You start getting a lot more DB queries than usual, bypassing cache, the DB's remote, it's clustered or whatever, now you've got a ton more internal network traffic and open sockets, latency goes up, resources start to get exhausted...

HankB99 · on June 13, 2023

Not so wild IMO. I frequently have trouble loading pages on Reddit so I suspect any additional pressure could push it over the edge. It might be as simple as more users checking in to see if their favorite Reddit has gone private or shut down.

cranekam · on June 13, 2023

If a DB check is needed to see if a sub is private or not it has to happen for every request. You can’t just limit the check to private subs because it’s not known if they are private or not at the time.

Reddit goes wrong often so I expect this outage could have any number of causes.

jallen_dot_dev · on June 13, 2023

> You can’t just limit the check to private subs because it’s not known if they are private or not at the time.
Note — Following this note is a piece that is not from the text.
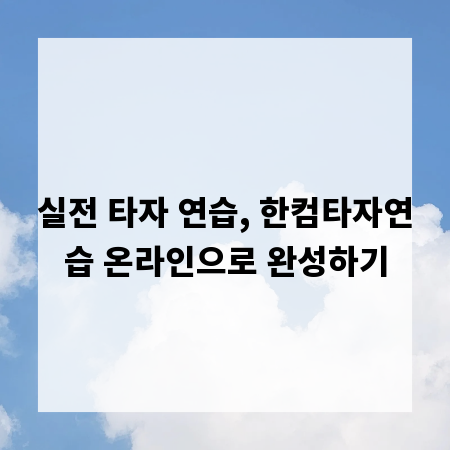 실전 타자 연습, 한컴타자연습 온라인으로 완성하기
That's not necessarily true. Perhaps the status of subreddits is cached (because there's no reason to hit the DB 100 times/second to check if r/funny is private or public). But for a given request to a private sub, it would need to check each user.

taneq · on June 13, 2023

You don’t reckon it’s just disgruntled users running “set all my past comments to Boo Reddit Boo” scripts? I don’t imagine it’d take a huge proportion of users doing that simultaneously to slag the servers.